> Your objective: Copy verbatim the block of lines in the entries below whose first line contains "Faberge diamante crystals" and whose last line contains "Canapé en Cuir". Leave out all other lines.

> Source information:
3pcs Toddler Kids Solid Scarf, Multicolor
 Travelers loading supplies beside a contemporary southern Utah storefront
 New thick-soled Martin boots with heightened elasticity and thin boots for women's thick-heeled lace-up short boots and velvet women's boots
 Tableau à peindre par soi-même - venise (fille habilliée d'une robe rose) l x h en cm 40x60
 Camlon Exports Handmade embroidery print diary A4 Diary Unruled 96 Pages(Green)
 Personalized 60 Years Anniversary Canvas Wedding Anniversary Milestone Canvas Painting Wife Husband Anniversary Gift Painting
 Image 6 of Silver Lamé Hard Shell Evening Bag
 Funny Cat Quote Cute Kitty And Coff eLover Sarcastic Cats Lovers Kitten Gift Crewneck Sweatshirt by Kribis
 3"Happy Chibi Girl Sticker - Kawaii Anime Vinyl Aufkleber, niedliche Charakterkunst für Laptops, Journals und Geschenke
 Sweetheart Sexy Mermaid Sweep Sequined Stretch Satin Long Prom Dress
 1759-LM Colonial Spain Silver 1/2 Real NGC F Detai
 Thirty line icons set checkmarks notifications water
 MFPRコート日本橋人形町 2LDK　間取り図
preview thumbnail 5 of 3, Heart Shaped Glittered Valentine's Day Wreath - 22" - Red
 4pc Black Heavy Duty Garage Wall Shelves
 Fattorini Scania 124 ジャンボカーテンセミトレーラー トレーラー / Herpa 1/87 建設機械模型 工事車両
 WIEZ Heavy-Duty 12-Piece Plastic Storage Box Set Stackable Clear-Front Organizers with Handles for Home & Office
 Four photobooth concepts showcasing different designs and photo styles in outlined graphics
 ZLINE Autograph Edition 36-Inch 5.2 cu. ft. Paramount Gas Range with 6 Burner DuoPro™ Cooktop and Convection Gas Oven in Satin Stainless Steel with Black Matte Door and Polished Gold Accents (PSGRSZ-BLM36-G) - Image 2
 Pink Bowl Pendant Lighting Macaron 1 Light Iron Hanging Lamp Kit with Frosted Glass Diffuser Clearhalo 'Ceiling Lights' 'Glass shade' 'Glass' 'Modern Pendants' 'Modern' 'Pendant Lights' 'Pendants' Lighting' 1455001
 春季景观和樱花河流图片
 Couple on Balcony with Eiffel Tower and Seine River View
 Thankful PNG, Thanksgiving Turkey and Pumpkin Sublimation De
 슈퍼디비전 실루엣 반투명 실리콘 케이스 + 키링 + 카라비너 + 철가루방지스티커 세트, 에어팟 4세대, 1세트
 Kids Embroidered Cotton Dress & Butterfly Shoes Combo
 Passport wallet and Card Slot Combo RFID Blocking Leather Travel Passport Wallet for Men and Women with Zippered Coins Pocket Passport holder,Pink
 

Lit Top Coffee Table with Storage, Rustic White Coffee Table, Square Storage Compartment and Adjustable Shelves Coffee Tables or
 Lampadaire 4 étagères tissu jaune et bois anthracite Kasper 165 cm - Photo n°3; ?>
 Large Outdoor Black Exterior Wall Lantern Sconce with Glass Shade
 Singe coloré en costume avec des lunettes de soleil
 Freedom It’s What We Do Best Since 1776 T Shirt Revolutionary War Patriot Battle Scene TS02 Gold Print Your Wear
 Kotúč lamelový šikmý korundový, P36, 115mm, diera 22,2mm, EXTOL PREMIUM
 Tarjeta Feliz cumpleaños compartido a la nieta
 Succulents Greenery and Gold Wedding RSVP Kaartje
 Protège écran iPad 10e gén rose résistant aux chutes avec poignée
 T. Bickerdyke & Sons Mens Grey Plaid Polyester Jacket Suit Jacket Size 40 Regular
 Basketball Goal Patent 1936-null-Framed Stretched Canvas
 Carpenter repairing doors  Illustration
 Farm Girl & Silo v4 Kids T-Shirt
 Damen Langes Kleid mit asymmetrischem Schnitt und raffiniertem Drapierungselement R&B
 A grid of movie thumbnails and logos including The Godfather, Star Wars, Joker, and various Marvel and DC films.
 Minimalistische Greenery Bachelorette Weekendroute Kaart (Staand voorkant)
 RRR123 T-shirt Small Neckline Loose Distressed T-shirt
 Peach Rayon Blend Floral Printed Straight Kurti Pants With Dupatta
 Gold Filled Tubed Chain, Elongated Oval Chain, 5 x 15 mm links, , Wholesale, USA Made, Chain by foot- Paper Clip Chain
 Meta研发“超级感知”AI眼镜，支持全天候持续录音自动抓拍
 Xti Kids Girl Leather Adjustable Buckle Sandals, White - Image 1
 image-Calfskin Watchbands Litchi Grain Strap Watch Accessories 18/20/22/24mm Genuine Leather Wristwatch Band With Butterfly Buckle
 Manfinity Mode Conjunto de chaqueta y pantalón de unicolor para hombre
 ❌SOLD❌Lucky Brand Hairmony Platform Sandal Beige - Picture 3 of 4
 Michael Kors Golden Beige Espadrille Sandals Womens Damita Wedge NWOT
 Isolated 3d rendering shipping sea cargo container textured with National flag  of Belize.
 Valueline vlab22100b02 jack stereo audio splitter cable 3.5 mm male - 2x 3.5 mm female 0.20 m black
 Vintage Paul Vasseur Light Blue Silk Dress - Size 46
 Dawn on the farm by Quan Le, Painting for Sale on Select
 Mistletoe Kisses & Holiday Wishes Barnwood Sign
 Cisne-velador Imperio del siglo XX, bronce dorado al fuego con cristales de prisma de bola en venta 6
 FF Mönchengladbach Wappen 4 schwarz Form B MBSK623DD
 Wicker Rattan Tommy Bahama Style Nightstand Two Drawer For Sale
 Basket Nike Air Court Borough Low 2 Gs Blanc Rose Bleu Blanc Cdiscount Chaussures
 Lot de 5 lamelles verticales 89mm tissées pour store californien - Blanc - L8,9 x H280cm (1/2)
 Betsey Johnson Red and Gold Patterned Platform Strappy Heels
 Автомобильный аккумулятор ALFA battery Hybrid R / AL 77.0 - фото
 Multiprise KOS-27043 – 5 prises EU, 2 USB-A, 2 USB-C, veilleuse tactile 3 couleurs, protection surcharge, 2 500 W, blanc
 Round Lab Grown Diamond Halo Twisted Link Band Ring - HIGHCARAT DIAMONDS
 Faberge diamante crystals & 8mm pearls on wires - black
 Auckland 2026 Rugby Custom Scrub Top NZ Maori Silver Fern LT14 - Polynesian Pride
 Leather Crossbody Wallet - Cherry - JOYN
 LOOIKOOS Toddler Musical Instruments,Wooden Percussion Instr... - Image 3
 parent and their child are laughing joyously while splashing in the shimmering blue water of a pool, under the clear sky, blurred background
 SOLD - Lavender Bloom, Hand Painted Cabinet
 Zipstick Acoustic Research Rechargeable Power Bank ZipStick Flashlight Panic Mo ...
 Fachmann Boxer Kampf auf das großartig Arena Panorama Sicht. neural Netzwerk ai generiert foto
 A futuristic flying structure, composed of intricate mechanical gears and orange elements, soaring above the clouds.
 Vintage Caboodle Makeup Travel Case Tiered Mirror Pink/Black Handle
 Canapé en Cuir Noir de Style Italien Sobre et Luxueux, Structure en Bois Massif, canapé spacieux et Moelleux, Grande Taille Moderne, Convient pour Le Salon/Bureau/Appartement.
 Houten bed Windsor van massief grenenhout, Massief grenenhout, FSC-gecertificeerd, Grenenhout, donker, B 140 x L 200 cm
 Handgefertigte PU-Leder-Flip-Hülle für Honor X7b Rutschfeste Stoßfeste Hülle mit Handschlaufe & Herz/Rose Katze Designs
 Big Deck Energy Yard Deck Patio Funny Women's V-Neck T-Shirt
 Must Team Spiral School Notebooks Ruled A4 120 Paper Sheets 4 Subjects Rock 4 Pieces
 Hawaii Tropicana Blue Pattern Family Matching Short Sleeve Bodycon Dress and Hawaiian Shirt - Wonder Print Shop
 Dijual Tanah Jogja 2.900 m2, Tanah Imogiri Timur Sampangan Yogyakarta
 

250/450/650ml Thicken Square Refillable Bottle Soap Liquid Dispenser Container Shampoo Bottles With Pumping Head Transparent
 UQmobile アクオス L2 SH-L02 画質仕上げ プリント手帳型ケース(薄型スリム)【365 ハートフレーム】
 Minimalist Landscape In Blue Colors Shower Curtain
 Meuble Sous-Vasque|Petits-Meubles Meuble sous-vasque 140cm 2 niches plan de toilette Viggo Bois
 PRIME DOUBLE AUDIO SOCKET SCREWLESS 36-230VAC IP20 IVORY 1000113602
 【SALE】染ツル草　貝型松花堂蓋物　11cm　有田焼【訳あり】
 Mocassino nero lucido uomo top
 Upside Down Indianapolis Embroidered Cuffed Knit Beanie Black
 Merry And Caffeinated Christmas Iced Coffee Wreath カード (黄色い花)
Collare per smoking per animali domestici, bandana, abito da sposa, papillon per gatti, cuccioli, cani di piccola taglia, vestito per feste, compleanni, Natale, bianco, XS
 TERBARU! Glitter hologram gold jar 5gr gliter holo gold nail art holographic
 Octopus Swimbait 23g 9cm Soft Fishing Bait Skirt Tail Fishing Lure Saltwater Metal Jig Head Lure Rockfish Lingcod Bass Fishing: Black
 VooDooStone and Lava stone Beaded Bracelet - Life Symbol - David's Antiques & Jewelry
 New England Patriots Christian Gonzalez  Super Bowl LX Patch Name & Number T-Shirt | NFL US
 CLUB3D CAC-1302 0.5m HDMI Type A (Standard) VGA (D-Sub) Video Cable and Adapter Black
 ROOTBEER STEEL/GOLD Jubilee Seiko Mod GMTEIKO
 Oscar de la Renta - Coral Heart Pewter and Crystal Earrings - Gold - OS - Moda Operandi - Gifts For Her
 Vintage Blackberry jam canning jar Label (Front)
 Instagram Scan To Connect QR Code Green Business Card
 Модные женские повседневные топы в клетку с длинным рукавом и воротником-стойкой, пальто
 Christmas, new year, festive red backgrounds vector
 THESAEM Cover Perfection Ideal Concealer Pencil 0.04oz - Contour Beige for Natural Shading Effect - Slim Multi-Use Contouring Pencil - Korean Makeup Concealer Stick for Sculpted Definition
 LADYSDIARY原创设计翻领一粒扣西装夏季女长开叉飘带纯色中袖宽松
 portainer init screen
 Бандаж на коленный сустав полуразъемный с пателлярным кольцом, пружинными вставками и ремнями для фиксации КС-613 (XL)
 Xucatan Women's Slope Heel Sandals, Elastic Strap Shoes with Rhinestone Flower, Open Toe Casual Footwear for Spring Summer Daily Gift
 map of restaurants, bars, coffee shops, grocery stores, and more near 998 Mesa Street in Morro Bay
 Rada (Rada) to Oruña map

> Task result:
 Faberge diamante crystals & 8mm pearls on wires - black
 Auckland 2026 Rugby Custom Scrub Top NZ Maori Silver Fern LT14 - Polynesian Pride
 Leather Crossbody Wallet - Cherry - JOYN
 LOOIKOOS Toddler Musical Instruments,Wooden Percussion Instr... - Image 3
 parent and their child are laughing joyously while splashing in the shimmering blue water of a pool, under the clear sky, blurred background
 SOLD - Lavender Bloom, Hand Painted Cabinet
 Zipstick Acoustic Research Rechargeable Power Bank ZipStick Flashlight Panic Mo ...
 Fachmann Boxer Kampf auf das großartig Arena Panorama Sicht. neural Netzwerk ai generiert foto
 A futuristic flying structure, composed of intricate mechanical gears and orange elements, soaring above the clouds.
 Vintage Caboodle Makeup Travel Case Tiered Mirror Pink/Black Handle
 Canapé en Cuir Noir de Style Italien Sobre et Luxueux, Structure en Bois Massif, canapé spacieux et Moelleux, Grande Taille Moderne, Convient pour Le Salon/Bureau/Appartement.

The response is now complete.